Abstract ID: 640
Part of General Paper Session (Other abstracts in this session)
Authors: Wagner, Susanne
Submitted by: Wagner, Susanne (Chemnitz University of Technology, Germany)
The role of frequency effects in language is well-known. For any unbiased, ‘representative’ corpus of a certain size, a very small number of words will occur very frequently. Certain parts of speech (mostly function words) will usually occur at the top of frequency lists. Most of the words in any corpus, however, will only occur once or twice. This observation, known as Zipf’s Law, has played a role in many studies (cf. Bybee & Hopper 2001; Bybee 2002; Krug 1998, 2001; Kortmann 1997; Nycz 2011a,b).
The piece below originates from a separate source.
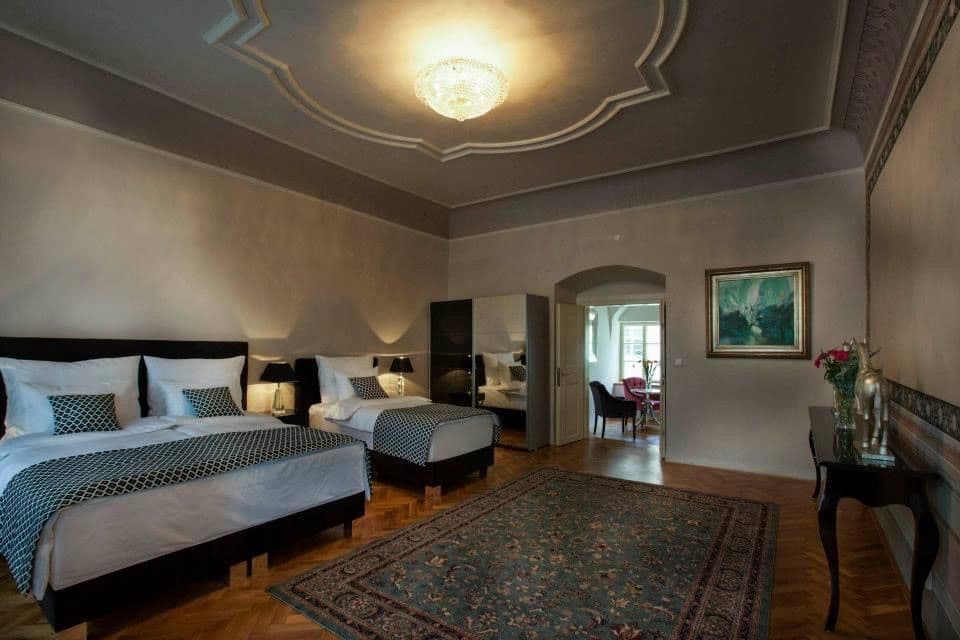 flat to rent, 130 m², Michalská, Prague, Prague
However, the role of lexical constraints on language variation has generally been neglected in the past. Only recently have a number of scholars begun to show that certain (irregular) patterns of variation are due to the ‘odd’ behaviour of a small number of (often high-frequency) lexical items rather than a systematic constraint on e.g. verb semantics (e.g. Childs 2008; King 2008; Tagliamonte 2008; Torres Cacoullos & Walker 2008, 2009; Van Herk 2008; Walker 2008).
In a forthcoming study on null subjects, Erker & Guy for the first time investigate the effect of type-token ratios of certain verbs on null subject realisation in Spanish. Frequency effects are the guiding principle of their analysis. Verbs are divided into frequent forms (total token frequency at least 1% of all [coded] verb tokens in the corpus) and infrequent forms (frequency < 1%). By using log10 frequency, Erker & Guy cancompensates for the Zipfian distribution, which overall helps with visualizing certain trends in the data.
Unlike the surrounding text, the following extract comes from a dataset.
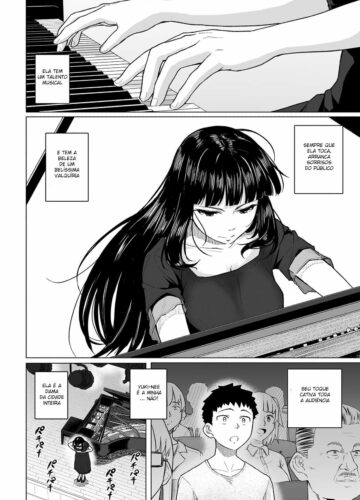 A Nee-chan Que eu Sempre Desejei, Começou a se Prostituir e Fez Sexo Com Meu Pai - Foto 3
This paper copies Erker & Guy’s methodology and extends it to include the role of frequency as a speaker effect (above- and below-average users of null subjects). In a corpus of sociolinguistic interviews comprising some 8,400 tokens of first person subjects, both null and overt, tokens are divided into a binary category of frequent and infrequent verbs, modelled on Erker & Guy’s study. In a next step, five different statistical models (regression analysis performed with Rbrul) are compared: the full model without the separation of high- and low-frequency verbs or speaker separations, and models including a) only the high- and low-frequency verbs respectively and b) only above- or below-average null subject users.
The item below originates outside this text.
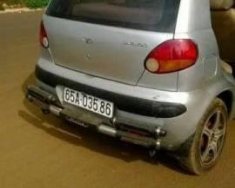 Daewoo Matiz   S  1999 - Bán Daewoo Matiz S đời 1999, màu bạc  giá 69 triệu tại Cần Thơ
The results suggest that Erker & Guy’s main finding also holds for data from English – frequency has a spectacular effect on null subject occurrence. First of all, this concerns the constraint ranking: most of the factor groups are only significant in either the high- or the low-frequency sub-model. While there is no FG-internal re-ranking of constraints, the variability between individual factors in-/decreases dramatically. Second, frequency also affects non-linguistic categories: there are major differences in the models comparing speaker effects (above- and below-average null subject users). Overall, the findings underline the need to include frequency effects in any study that is based on logarithmically distributed data.